Image-text web data

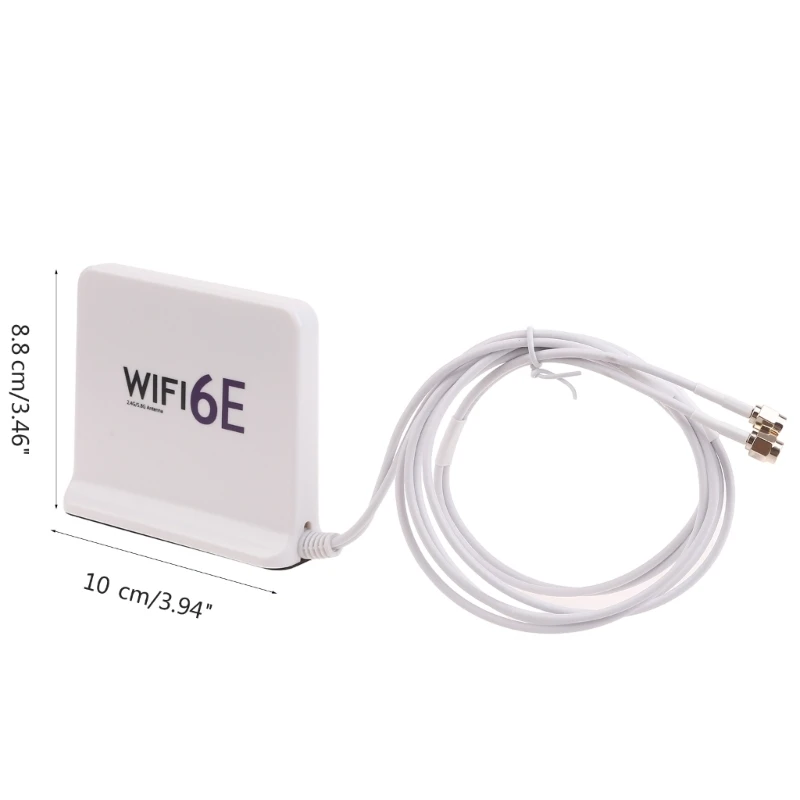 Adattatore estensione WiFi Dropship per antenna estensione del router della scheda PCIE desktop AX210 AX200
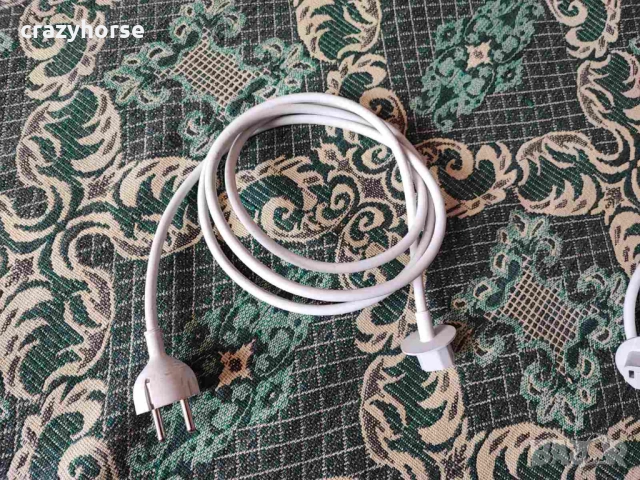 Оригинален захранващ кабел за iMac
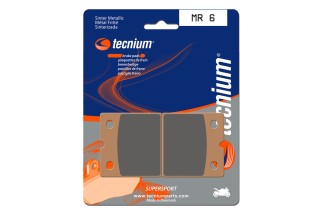 Plaquettes de frein TECNIUM Performance métal fritté - MR6
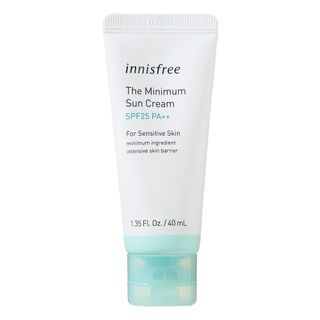 innisfree - The Minimum Sun Cream (For Sensitive Skin) SPF25 PA++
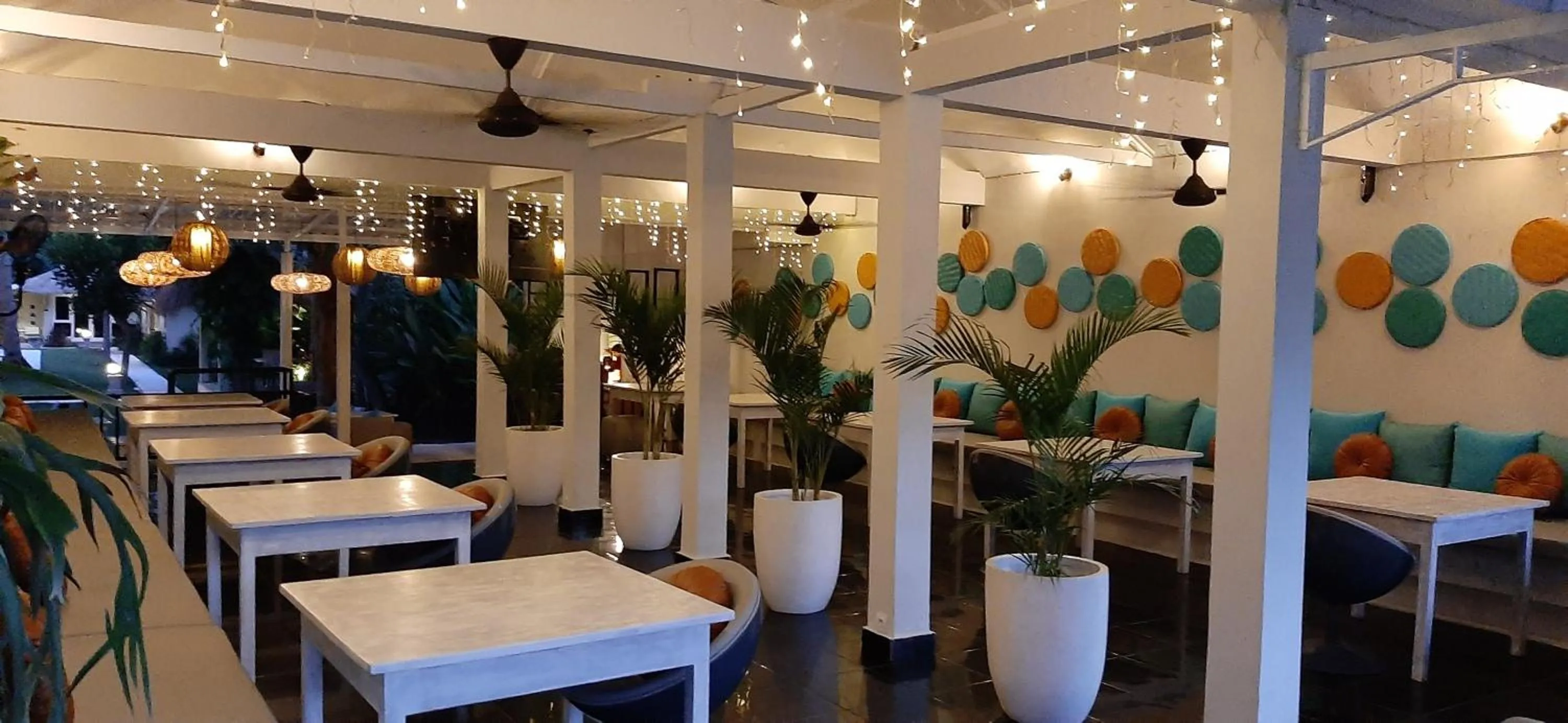 Restaurant/places to eat in The Forty Eight Resort Candidasa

## DESCRIPTION OF THE TASK:
All of the data must be given again exactly, without the pictures.

## REPLY TO THE EXERCISE:
 Adattatore estensione WiFi Dropship per antenna estensione del router della scheda PCIE desktop AX210 AX200
 Оригинален захранващ кабел за iMac
 Plaquettes de frein TECNIUM Performance métal fritté - MR6
 innisfree - The Minimum Sun Cream (For Sensitive Skin) SPF25 PA++
 Restaurant/places to eat in The Forty Eight Resort Candidasa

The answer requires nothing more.